There was however one bright spot, an abundance of essential supplies from a certain south west bakery firm. Naturally, and purely, in the interests of quality control, they had to be sampled. Empty cake boxes all round. Does a strawberry tart count as one of your five healthy fruit portions per day? If so, then a certain Mr Bunnet will be healthy for a full week!
Speaking of the south west, an ex-rally driver appeared as part of The Sheriff's support team. This was the first timeout for the Mk2 and said ex-rally driver was apparently offering some constructive criticism and 'helpful' driving hints to the car's new owner. In return for his pre-rally prep on the new machine, The Sheriff turned to his 'crew chief' and said: "Away ye go an' use up these auld tyres!" And use them up he did!There was a healthy turn out of Marshals too and it was good to see some current rally drivers there helping out at the stage finish waving the chequered flag. No doubt the Highland town would have been a quieter place last weekend as the 'Trio from Tain' descended on the Kingdom of Fife.
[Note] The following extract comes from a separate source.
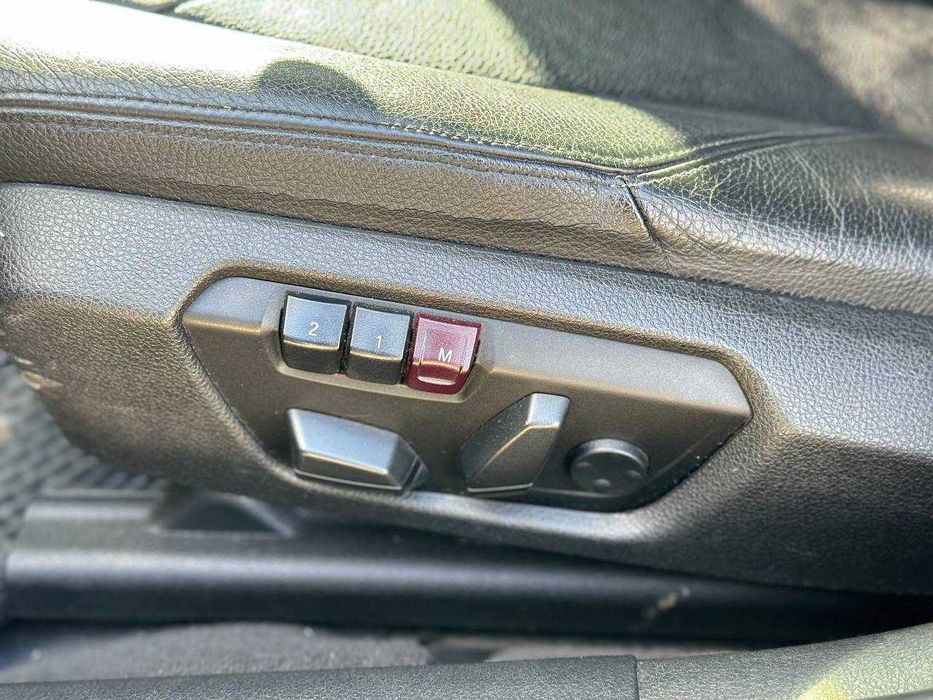 Bmw f30 328i  топова комплектація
The trio included the driver of a certain black and yellow Vauxhall engined Suzuki and former Subaru pilot now converted to Mk2 runner. They had driven down on the Friday and spent the night in the nearby historic tourist resort of Tillicoultry - on the basis that the name of the place made it sound quite attractive.The first pub they visited generated the view that: "Some sawdust on the flair would have upgraded the premises," so another hostelry was sought. It must have passed muster, it was sair heids all round on Saturday morning.
And there they were, sticking resolutely to their post, with the sun blazing down on their hat-less, follicly challenged nappers and dehydrated bodies and wishing for some of Knockhill's reputedly cooling rain. You'd think they'd learn, eh?